Farm-to-Table Times One Hundred: Philo Ridge Farm’s Marc St. Jacques
You are here: Home \ Foodthink \ Farm-to-Table Times One Hundred: Philo Ridge Farm’s Marc St. Jacques
29 April 2026

Sign up for KK&P’s newsletter here.

KK&P and Senior Recruiter Christophe Hille have worked with Philo Ridge Farm—a nonprofit demonstration farm in Vermont’s Champlain Valley—for several years on a variety of recruiting projects, from field researcher to managing director. Last year, Christophe helped place Marc St. Jacques as the farm’s new Executive Chef and Director of Food & Beverage. Marc has had a storied career already: chef-owner of Bar Bête in Brooklyn, Executive Chef for April Bloomfield at The Breslin, Executive Chef for Michael Mina in Las Vegas, and more. We caught up with Marc recently to talk about his experience leading Philo’s culinary program so far and about plans for the coming season. You can read more about the farm’s restaurant and market here.

In the restaurant industry, saying you’re farm-to-table is almost a given at a certain quality of restaurant. You’re working with farms, products, and vendors. We’re that times one hundred. Everything that’s grown on our property—every vegetable, fifty cows, eighty pigs, close to a hundred lamb, a couple thousand chickens—we have to use. That is such a different experience than going to a farmer’s market and picking up ten pounds of turnips. If we don’t use all the turnips, nobody’s going to use them.

That sparks a lot of creativity, especially in the summertime. When it’s tomato season here, we have tomatoes in eight dishes. We’re putting it on as many things as we possibly can, first because we have to, but second, because it’s so amazing. Recently, we had lots of overgrown cilantro plants so we steeped tons and tons of the stems just before dinner service and making this incredible chicken soup out of it. You can imagine how floral that was.
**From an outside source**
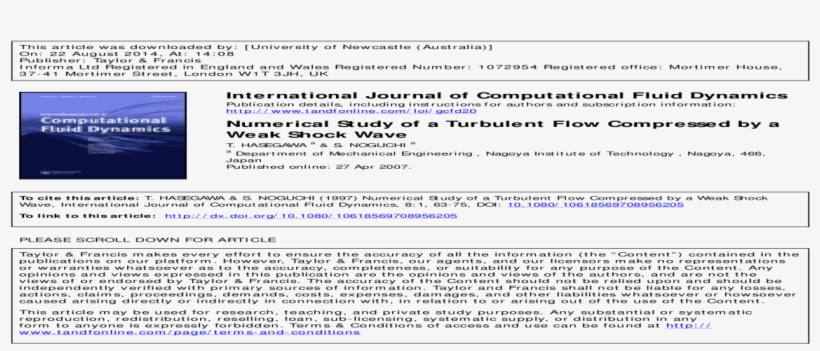 Editorial Page Of Research Journal, transparent png download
In most farm-to-table restaurants, the seasons drive what they’re doing and what products are available at the market, and they pick those products based on what they need and what looks best. We have to use what we’ve got, and there’s times where we also have to use product that aren’t perfect.

First, the flavor is incredible. We’re a farm in a very specific part of the country, on this specific ridge, and that creates different drainage patterns, different wind problems, different sun issues, all positive and negatives. That leads to the flavor of the beef. The meat has a lot of grassiness and a skosh of gaminess on the end, but it’s very tender. Some of the flavor pairings are a little bit different because of that profile. Classically, when cooking with game or lamb, you often introduce a little more herbiness or some fruit and sweetness. Our beef can take a bit more sweetness in dishes than you might do with conventional beef. The texture of the meat is different as well. It’s softer, so when you’re butchering you have to cut it differently. When you’re cooking it, we’ve noticed that we need to move a lot—it can’t sit hard on one spot—and introduce basting flavors or basting fat while cooking.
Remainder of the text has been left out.